Tillerson's role in the Trump administration is also in question. The well-respected ex-CEO of ExxonMobil has been absent from several Trump meetings with heads of State and has not been allowed to choose a deputy nor senior staff. But, Tillerson meets with Trump several times a week, and some speculate he is quietly letting internal power struggles in the White House play out before raising his profile.

Yet coming on the heels of a successful Asia tour by US Defense Secretary James Mattis in early February, Tillerson's first foreign sojourn to East Asia appears to underscore that the region is an important priority to Trump. It also reflects a sense of urgency with regard to concerns about reckless North Korean behavior, a central theme of his trip.

With North Korean missiles recently landing within Japan's 200 miles exclusive economic zone, the North Korean nuclear issue will likely dominate Tillerson's discussions in Tokyo. The recent Trump-Abe summit went a long way toward reassuring Japan about the US' security role. But Japan, like the US' other Asian allies, is concerned about what Trump's "America First" policy, the US rejection of the TPP and moves toward protectionism may mean for the US' long-term role in the region. 

Tillerson's visit to South Korea comes at an awkward moment. South Korean president Park Geun-hye has just been impeached, creating a political vacuum that will not be filled until after the mid-May elections. Moreover, Moon Jae-in, the leftist opposition candidate is leading in the presidential polls. Moon favors dialogue with North Korea and has opposed the deployment of the THAAD missile defense system. His election would likely create some tension in US-South Korea relations, particularly over how to deal with Pyongyang.

But by far, the most important challenge on Tillerson's trip will be his meetings in Beijing. Tillerson will be setting the stage for the Trump-Xi Jinping summit in April, giving a preview to his Chinese counterparts on Trump's approach to China. Many expect a reset in Sino-US relations.

The most urgent item on Tillerson's agenda is finding a common ground with Beijing on how to deal with North Korea. There is a risk of a continuing "blame game," where the US presses China to use its influence on Pyongyang to solve the nuclear issue while Beijing presses the US to stop threatening North Korea and engage in dialogue. The danger is that North Korea may become a source for Sino-US confrontation rather than cooperation.

But, there are important overlaps in US and Chinese interests (a non-nuclear North Korea and stability on the peninsula), and a concerted approach of working with the other powers in Northeast Asia has the best chance of achieving positive results.

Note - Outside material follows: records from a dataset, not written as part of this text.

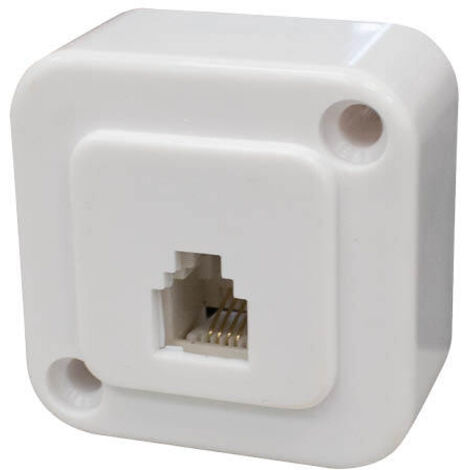 Base telefonica modular de superficie, Monteje a tornillo, 6P/4C.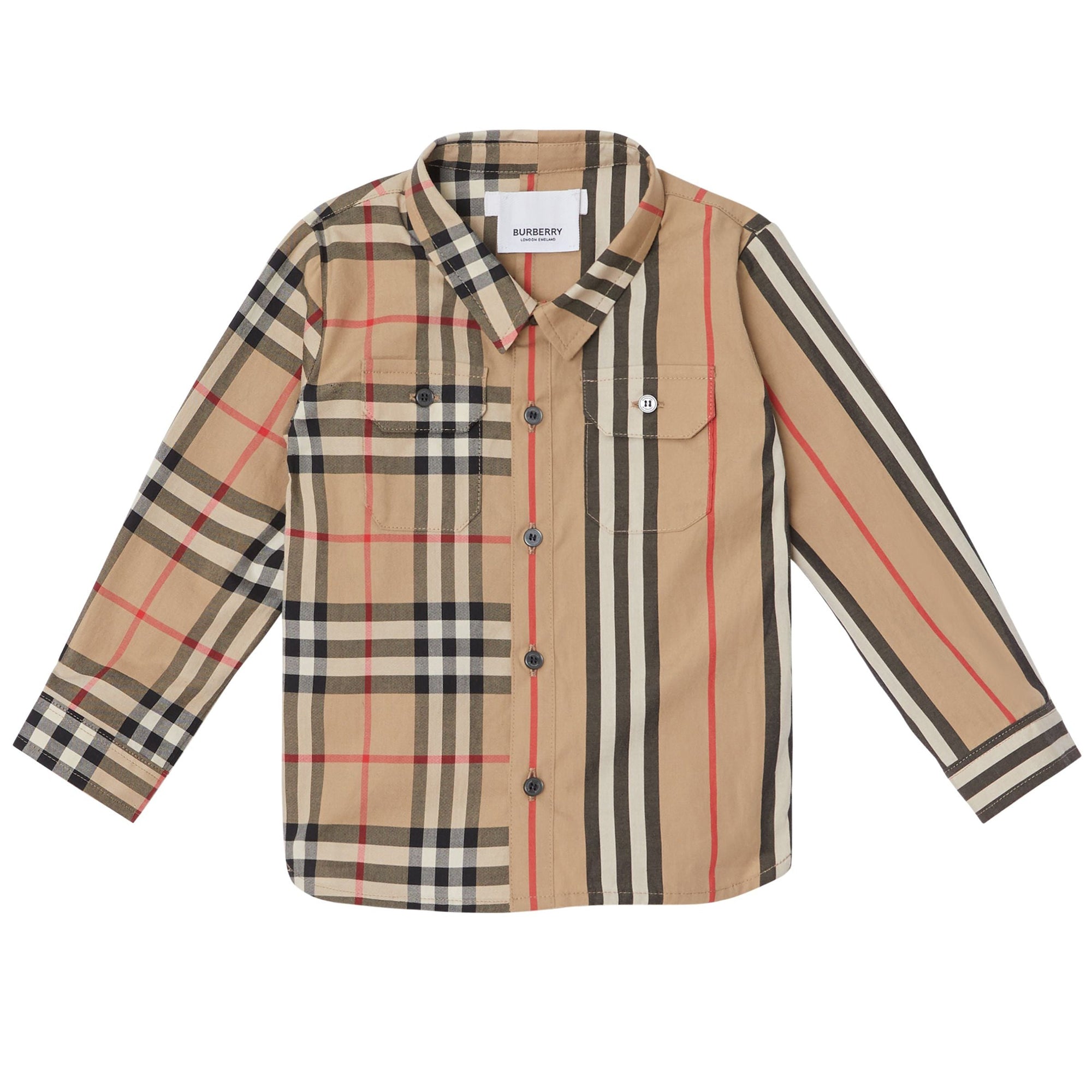 Chemise en coton à rayures iconiques et Vintage check - Archive Beige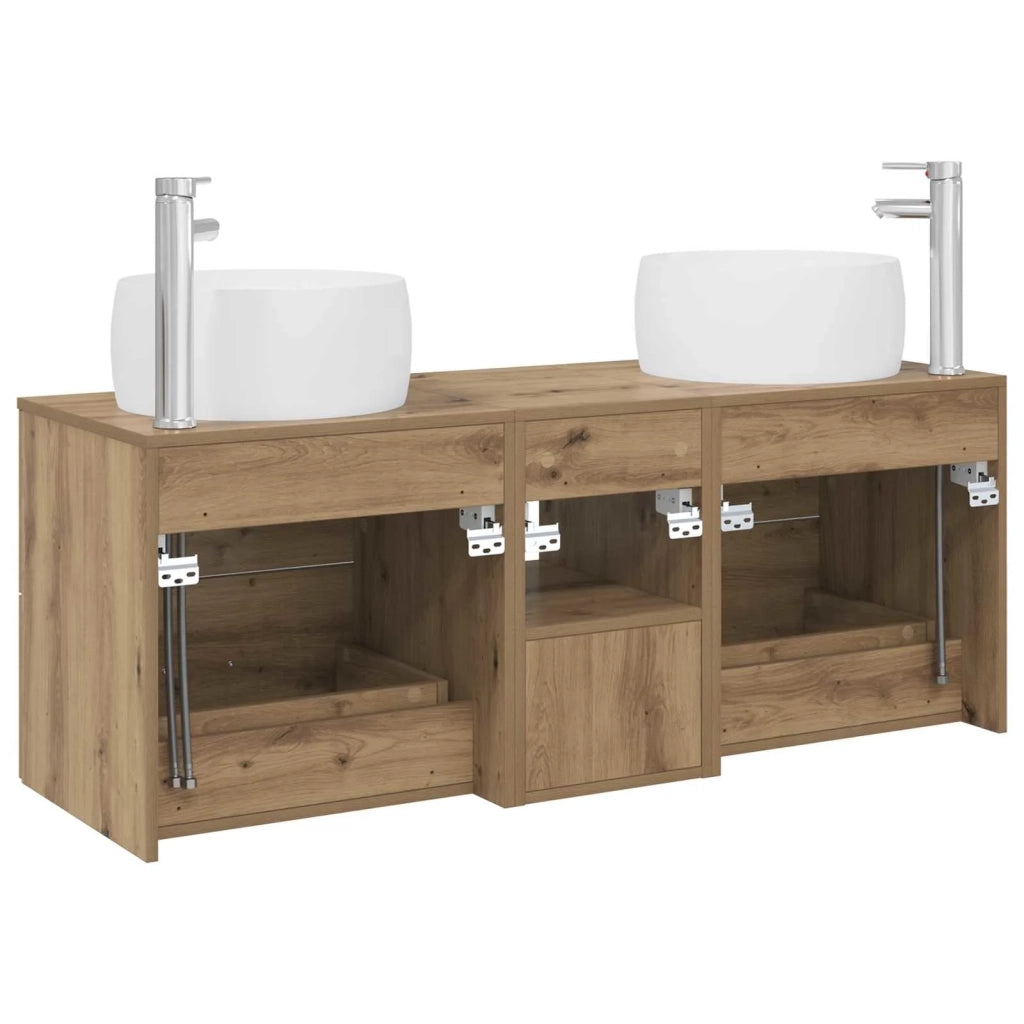 Set di mobili per il bagno 3 pz Rovere Artigianale 3405930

The Trump administration inherits a troubled US-China relationship in which the US consensus has unraveled. The US business community, a key pillar of the relationship, has increasingly voiced concerns that it feels less welcome, and Beijing's emphasis on "national champions" for key industries is closing off opportunities.

Tillerson is likely to stress the need for a new economic relationship based on the principle of reciprocity. Negotiating a robust Bilateral Investment Treaty would be a good mechanism for more reciprocal economic ties.

During his confirmations hearings, Tillerson made provocative remarks, threatening to block China's access to the South China Sea territories under US control. He has since backed away from those comments, and no doubt, his views will be questioned in Beijing.

China's assertive maritime activities have been a major source of debate in the US along with a push for more aggressive freedom of navigation operations. But of late, the South China Sea has been relatively quiet. Beijing has nearly finished its construction on disputed reefs, has bolstered its ties with other claimants such as the Philippines and Malaysia, and is expected to reach a new Code of Conduct accord with ASEAN. The US has pushed for such an agreement, and it may be on Tillerson's agenda.

More broadly, Tillerson may probe for a new framework for Sino-US dialogue to replace the Strategic and Economic Dialogue. A new bargain focusing on economic objectives and strategic issues could be the centerpiece of the meeting.